I must say it appears a somewhat barbarous way of collecting money, but after all it is justified by its success
Alexander Kemp Wright, cashier of The Royal Bank of Scotland
A visit from a Tank Bank was a major event. For days beforehand, local newspapers were full of anticipation. The Tank – each one had a name, and near-celebrity status – arrived accompanied by soldiers. After a demonstration of its capabilities, breaking through barbed wire and clambering over specially-made soil mounds, the Tank Bank was officially opened.
The Tank Banks were staffed by clerks from the Bank of England, who sold war bonds, and the post office, who sold war savings certificates. Such was their popularity that there were often long queues, and clerks from local banks were sometimes called in to help.
Arrangements for the tour were made hastily, and the logistics were patchily communicated. When Scotland was expecting the arrival of Julian, for example, The Royal Bank of Scotland’s cashier knew that he was the most likely of the Scottish bankers to be asked to help, because the Royal Bank was the Bank of England’s representative in Scotland. Try as he might, however, he couldn’t get information from the organisers about what might be required. In the end, he wrote to banks in Cardiff and Sheffield, which had already been visited, to ask how it had worked there.
In the event, Royal Bank clerks were needed; in Edinburgh, as many as six at a time, loaned from branches around the city. In addition, Tank Bank officials used Royal Bank branch premises after hours to count the takings, arrange remittances to London and process paperwork.
As well as helping with the logistics, banks were expected to contribute financially. They were already heavily invested in war bonds and other government securities, and were not particularly inspired by novelty fundraising events. Nevertheless, an Edinburgh bank could not fail to contribute to Edinburgh’s Tank Week. The Royal Bank of Scotland bought £200,000 of bonds. The other Edinburgh banks invested similarly, and in all, Edinburgh Tank Week raised £4.8m, the third-largest total raised by any British city.

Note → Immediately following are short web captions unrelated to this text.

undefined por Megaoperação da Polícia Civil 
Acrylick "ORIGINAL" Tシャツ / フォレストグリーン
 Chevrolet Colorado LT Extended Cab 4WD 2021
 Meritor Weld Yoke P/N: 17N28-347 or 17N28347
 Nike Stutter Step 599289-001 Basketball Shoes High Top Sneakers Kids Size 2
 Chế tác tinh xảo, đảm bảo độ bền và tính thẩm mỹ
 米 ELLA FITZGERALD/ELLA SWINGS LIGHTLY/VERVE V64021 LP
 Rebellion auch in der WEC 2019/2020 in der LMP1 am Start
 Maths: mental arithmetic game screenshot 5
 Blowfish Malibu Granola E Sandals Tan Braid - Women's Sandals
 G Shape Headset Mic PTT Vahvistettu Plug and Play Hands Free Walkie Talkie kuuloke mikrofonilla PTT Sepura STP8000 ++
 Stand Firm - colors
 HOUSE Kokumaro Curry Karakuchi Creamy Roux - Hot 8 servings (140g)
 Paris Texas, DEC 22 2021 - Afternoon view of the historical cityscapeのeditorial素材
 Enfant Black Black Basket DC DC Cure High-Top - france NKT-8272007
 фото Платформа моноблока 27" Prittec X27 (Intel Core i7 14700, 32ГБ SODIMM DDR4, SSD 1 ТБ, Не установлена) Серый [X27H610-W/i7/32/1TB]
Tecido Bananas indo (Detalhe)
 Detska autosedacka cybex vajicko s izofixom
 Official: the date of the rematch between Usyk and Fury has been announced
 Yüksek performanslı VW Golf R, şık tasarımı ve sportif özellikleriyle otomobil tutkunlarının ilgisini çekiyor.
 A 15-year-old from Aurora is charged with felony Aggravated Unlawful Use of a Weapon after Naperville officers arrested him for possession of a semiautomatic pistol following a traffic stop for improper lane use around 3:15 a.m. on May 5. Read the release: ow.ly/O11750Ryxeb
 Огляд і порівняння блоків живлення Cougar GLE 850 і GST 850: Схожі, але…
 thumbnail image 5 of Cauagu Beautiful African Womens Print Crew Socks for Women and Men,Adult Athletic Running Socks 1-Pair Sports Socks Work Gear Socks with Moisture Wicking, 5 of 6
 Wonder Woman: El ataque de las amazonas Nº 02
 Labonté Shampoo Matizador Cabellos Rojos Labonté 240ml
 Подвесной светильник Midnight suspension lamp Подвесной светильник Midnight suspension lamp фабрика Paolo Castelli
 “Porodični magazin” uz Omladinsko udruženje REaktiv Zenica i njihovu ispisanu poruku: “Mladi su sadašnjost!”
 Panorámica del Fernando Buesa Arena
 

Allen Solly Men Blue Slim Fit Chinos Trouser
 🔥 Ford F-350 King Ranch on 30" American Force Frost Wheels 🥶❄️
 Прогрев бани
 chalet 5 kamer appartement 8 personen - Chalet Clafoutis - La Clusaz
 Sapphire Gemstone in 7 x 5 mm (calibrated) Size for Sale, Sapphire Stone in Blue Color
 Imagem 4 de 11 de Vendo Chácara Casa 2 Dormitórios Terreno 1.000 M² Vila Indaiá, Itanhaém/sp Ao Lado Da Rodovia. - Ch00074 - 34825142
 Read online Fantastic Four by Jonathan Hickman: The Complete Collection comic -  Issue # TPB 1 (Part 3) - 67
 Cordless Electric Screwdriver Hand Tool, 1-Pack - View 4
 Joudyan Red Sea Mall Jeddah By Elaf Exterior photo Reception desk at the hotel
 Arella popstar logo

The following week, Julian moved to Glasgow. Naturally, Glasgow wanted to raise more than Edinburgh, and now The Royal Bank of Scotland had a problem. It, more than any other Edinburgh bank, enjoyed a strong bond with Glasgow and the west of Scotland. Seeing itself as part of Glasgow, it felt obliged to contribute to Glasgow’s effort. Although unenthusiastic about owning yet more war bonds, it bought another £100,000. Glasgow Tank Week raised a mammoth £14.5m, dwarfing not only Edinburgh’s total, but those of all other cities.